An hour later John came out with the list by spending $100, it had taken 2 and half hours for David to finish the shopping with the bill of $180. What could be the difference?
John | David |
John is very focused as he has list of items. | David has to figure out the items by exploring the store. |
His budget did not cross 100 dollars as he is well planned. | He picked the items apart from necessary. |
As the list is ready, he picked the items from known rows. | Picked the items based on exploration. |
Came out with in an hour with less efforts and time. | It took 2 and half hours as nothing is planned. |
I hope, you agree with me. Let us understand how to build product plan from scratch.
Functional Requirements
Essentially, Functional Requirements are the thriving elements for the product. What to be developed, what is the USP (unique selling proposition) to be built in? What are the features from customer demand? The features which have been evolved from innovation. Each feature must be documented with supporting use case and business scenario so that, the importance of the feature to be developed will be evident and clear. The functional plan should describe the modules also.
Technology
Technology is the enabler for functional requirements and it is an imperative part of any product plan regardless of the industry. Technology plan describes the technology stack, tools and applications to be used or integrated, why these are right fit for the product? Architecture must be developed considering the functionality. The robustness of architecture determines the complexity of application it can support. Right blend of architecture and functionality can produce an essentially good product.
Product Roadmap
Product Manager/Product owner is the person who creates the roadmap. Product roadmap consists of priority, vision, short – and long-term goals. Based on the priority, features will be split across the timeframe. Usually, JIRA, Agile craft and other applications are being used to build the plan and progress. Features in the roadmap will further split as user stories, considered as backlog in a product plan.
Project Plan
A product is consisting of smaller projects. Dividing into smaller and meaningful parts would help to develop the product effectively, It could be based on a module or technology stack. Development should not get paused for the functional flow fulfilment, each project can be developed with different teams and expertise parallelly so that the small parts can be integrated into a meaningful flow. Eventually, project plans have to be prepared to develop a given scope of requirements.
Integration Plan
Integration plan is the key to avoid multiple technical and environment issues. To understand where to deploy? How to integrate? and When to integrate? Often this plan is to combine multiple functions, teams, and departments with in the organization and outside of the organization.
Communication
Communication is the key to make decisions. Multiple departments, stakeholders within the organization, and outside the organization are part of a product development.

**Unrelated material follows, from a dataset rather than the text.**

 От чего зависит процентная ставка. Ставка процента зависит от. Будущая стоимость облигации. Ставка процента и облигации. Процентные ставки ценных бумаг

Outside the organization might be vendors, associates, or business partners. The Communication plan should define the mode of communication, level of communication, and the frequency. Apart from this, the escalation mechanism also included. Eventually, communication plan should be part of a product plan.
Budget
Budget plan is a typical spending plan. Allocating budget determines how much to be burnt at each department for a given period. Budget determines where to spend and where not spend, eternally ensures to have money in place to complete the product.
User Acceptance
Preparing a user acceptance plan is equally important to functional requirements plan, to accept the functionality implemented we need to validate the features, business scenarios, and end to end flows. We perhaps, miss lot of validations as the product has multiple features and flows, launching a product without validation may lead to failure. Eventually, it should be part of a product plan.
Product launching
Last but not least product launching is reaching the customer. Numerus activities have to be taken care before launching the product. The necessary communication to all stakeholders, complete documentation should be in place, marketing and promotional activities which are part of Marketing plan should be incorporated. Letting know to existing and new customers. The most important activity which can’t be left setting up customer care to fix the issue as the earliest.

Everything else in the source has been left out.